ETags can’t provide a global solution to identify files uniquely because ETags are generated differently by each HTTP server. Also, the “If-Modified-Since” HTTP header is based on the date and time and there is no way we can ensure all online servers have synchronized times even if timezone was always accounted for. The most promising, and fairly secure against tampering, solution seems to be to hash a file while caching it. This can provide us with a unique, and global way of identifying a file and, if coupled with the file size, can become pretty resistant to possible hashing collisions (while also increasing the security a noch or two).
Following current schemas, the browser would then need to send the hash of the file while requesting it. This, however, isn’t practical since sending a list with the hashed for all the cached files is 1) leaking browser history and 2) completely impractical due to the shear number of cached files.
To uniquely identity a piece a content across a system its a common practice to use UUIDs (or GUIDs in Microsoft lingo). UUIDs are used by various OS components (eg. file-systems) and other (distributed) systems (e.g. databases). So, it’s safe to assume the same could easily be in use to identify a script across multiple CDN networks while being easily 1) managed by content authors, 2) backward compatible and 3) easy to implement by users. Ideally, the HTML script tag (among others) could have an attribute to allow the definition of a UUID when importing content. However, in the short-term it could be possible to use a simple convention like “script.js?randomparams&cache_guid=…” that browsers could use to bootstrap the process.

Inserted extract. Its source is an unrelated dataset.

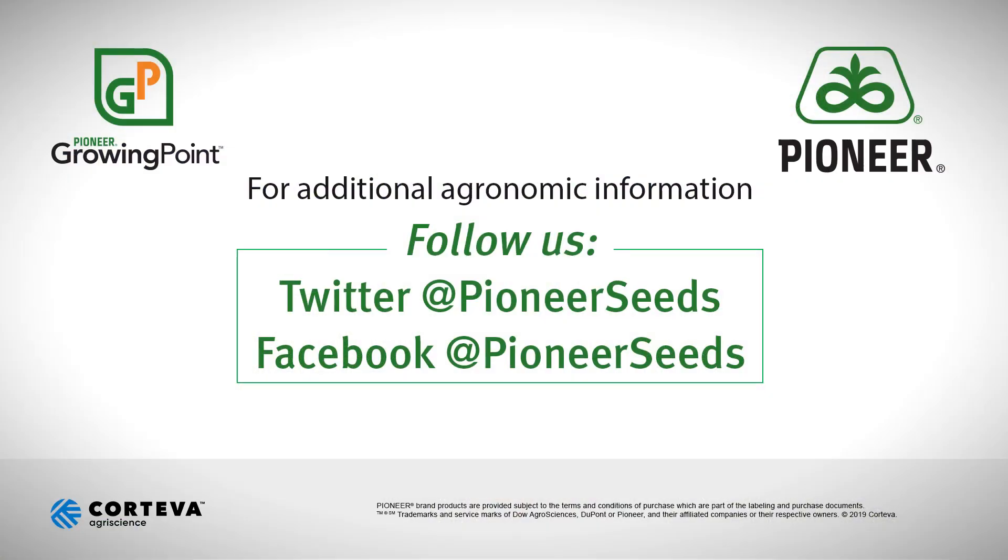For Pioneer Hybrid, this has been John McField. Thanks for watching today. That concludes this Pioneer Growing Point agronomy video podcast. Visit our page on Pioneer.com and follow us on Twitter and Facebook for more agronomy insights.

On the practical side of things, a single UUID wouldn’t suffice for most users/authors. Having a single UUID would mean a single (universal) version of the content piece that the site couldn’t be sure about it’s freshness. The author would need to provide several UUIDs based on versions of the content for example, one for the major version and another for the minor version ensuring developers could lock the browsers to a single minor version or major version. The list of possible alternates would be sent to the server, allowing the best match to be sent.
The server would, however, need to be aware of the UUID for each content. This could be achieved by allowing authors to place a .uuid file with the same name as the content to be picked by the server and used to make the matches.

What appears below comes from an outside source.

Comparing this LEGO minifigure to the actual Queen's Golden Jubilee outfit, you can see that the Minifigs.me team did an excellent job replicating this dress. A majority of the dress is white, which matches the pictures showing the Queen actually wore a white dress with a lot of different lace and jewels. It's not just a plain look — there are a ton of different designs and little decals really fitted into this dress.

The whole process could be summarized as:
- A user visits a site that provides the script identified by its hash, file size and GUID.
- Another page requests a script with the same hash, file size and GUID on any URL and the browser sends the three pieces on data on the header.

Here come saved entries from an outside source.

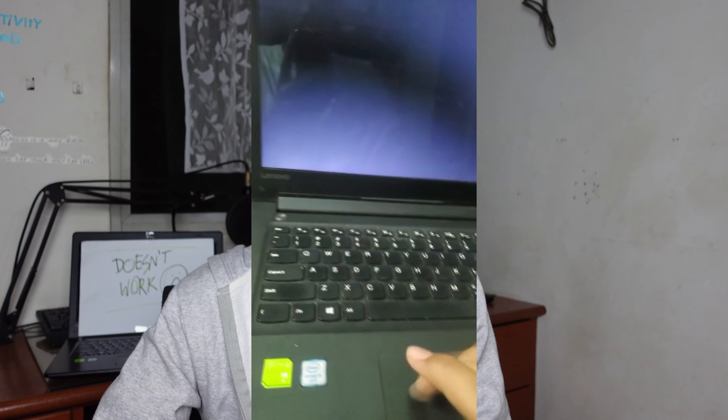What immediately panicked me was that I hadn't changed the boot menu back to the hard drive where Chrome OS was installed. I was kind of screwed because Chrome OS wasn't fully supported on my device either. The laptop did post, but then the fans would start and stop, and I didn't know why.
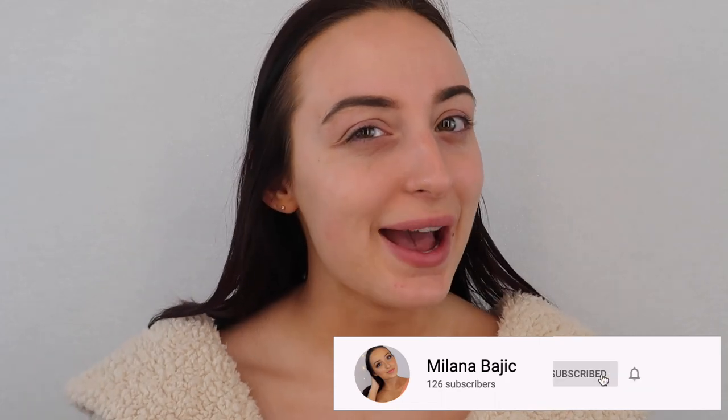Before we get into actually doing the look, please make sure to give this video a huge thumbs up and subscribe to my channel if you haven't done so already. It means the absolute world to me if you do — it just helps to grow the channel, grow the family, so I really appreciate it. But if you want to see me do a nice, easy holiday makeup look, then stay tuned for the rest of the video.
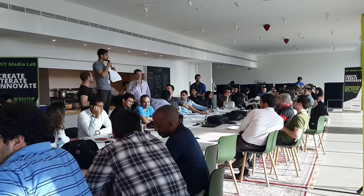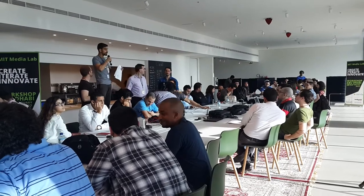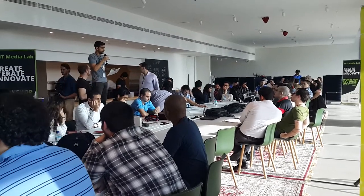This is called a rough draft. Just like when you're sketching a portrait, you draw big circles, you make rough lines, and then you refine it. This is a rough draft of a physical product or experience that you want someone to tangibly experience.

- Optionally. The exact script version requested isn’t cached but it’s found on the list of alternates.
- Just like ETags, the server is able to send an updated copy or send a 304 (Not Modified) status code.
There are apparent issues in the presented schema the first being the fact that the process requires server support to work. This is entirely dependent of (both server and browser) software vendors to implement.
The second issue is that unless all the CDNs (and sites) updated the libraries at the same time, there would be times where the browser would send the hash, get a “newer” file, just to repeat the process on another server in an infinite loop until they are both the same version. This, however, would not be the case because by sending the hashes of all the available version in the cache, the server could simply reply with the hash of the version to be used.
Finally, a third issue arises from the proposed solution to the previous problem. If the browser is sending the hashes of the available cached versions of a file, this information could be used to match the hashes against a list of know sites and creating a problem similar to the a:visited exploit. This, however, is only an issue if abused by developers because with ETag and If-Modified-Since available for local or private resources there is no (big) point in implementing this schema. This cache system would be meant for pieces of content that should be widely available and, not for content that enables third-parties to uniquely identify a user based on it’s browser story or patterns.